Death at Morning House

by Maureen Johnson
read by Katherine Littrell

HarperTeen, 2024. 9 hours, 23 minutes.
Review written October 28, 2024, from a library eaudiobook.
Starred Review

I believe that in reading this book, I’ve caught up on all the Maureen-Johnson-authored murder mysteries. And they’re good! As you can tell from her guidebook for adults, Your Guide to Not Getting Murdered in a Quaint English Village, she knows the conventions of the great mystery novels and how to use them to create something modern and new.

Death at Morning House is a stand-alone murder mystery, not part of the Stevie Bell Truly Devious series, but like those books, there’s a place where mysterious deaths happened almost a hundred years ago – and there’s a more recent death – and then someone goes missing in the novel’s present day. We do get the story of the old deaths slowly revealed, and our teen protagonist Marlowe Wexler discovers clues to the modern-day deaths. And yes, finding those clues puts Marlowe in great danger – in this book, before she even knows who’s responsible.

As the book opens, it’s the start of summer, and Marlowe is taking the girl she’s long had a crush on to her aunt and uncle’s cabin – a place Marlowe is paid to watch over in their absence.
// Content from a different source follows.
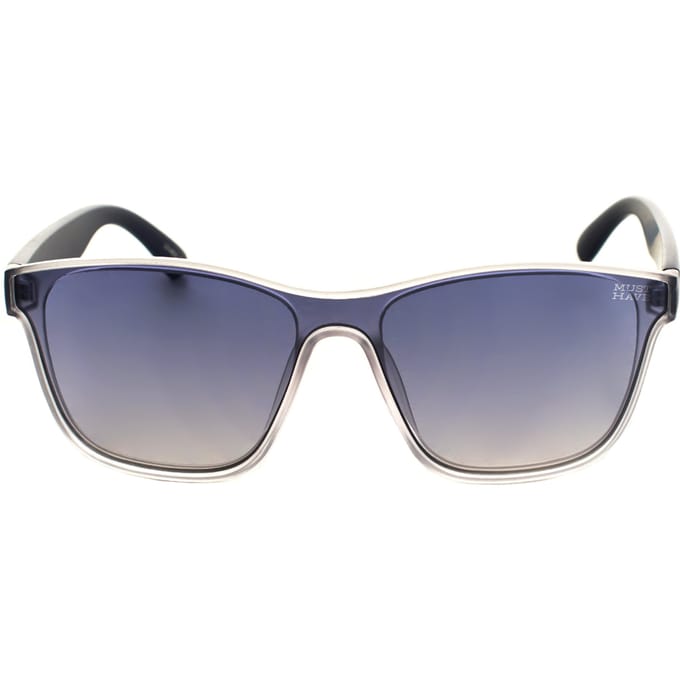 Vierkante zonnebril UV 400 Bescherming NEXT 8 Unisex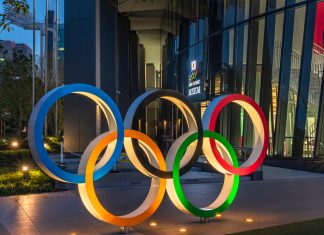 No spectators to attend Paralympic Games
Marlowe had gotten a special scented candle in a scent her crush likes – and while they are kissing, the candle explodes and the house sustains serious fire damage.

Marlowe does not respond well. She’s afraid to talk to her crush. She becomes famous in her small town as a pyromaniac (even though the police confirm it was an accident), and she decides the only way to cope is to mope around in bed.

But then her history teacher tells Marlowe about an opportunity to spend the summer on an island in the St. Lawrence River, part of a team of teens offering tours of a historic home there. It sounds like a great way to get out of town, but the teacher doesn’t tell Marlowe that the reason there’s an opening is that one of the local teens who was planning to be there recently died at a party after prom. And part of the history of the house is the two children who died there from the original family that owned the house.

It all adds up to a great story with interesting characters and a strong sense of place. And of course, a big storm comes in not long after someone new goes missing, so there’s no way to get off the island for help if anything bad should happen.

I have to say that I am completely on board with Maureen Johnson’s recent trend of writing mysteries. She’s good! The situations and characters are varied, but there’s always an intriguing puzzle and characters you enjoy spending time with – and hope will stay alive.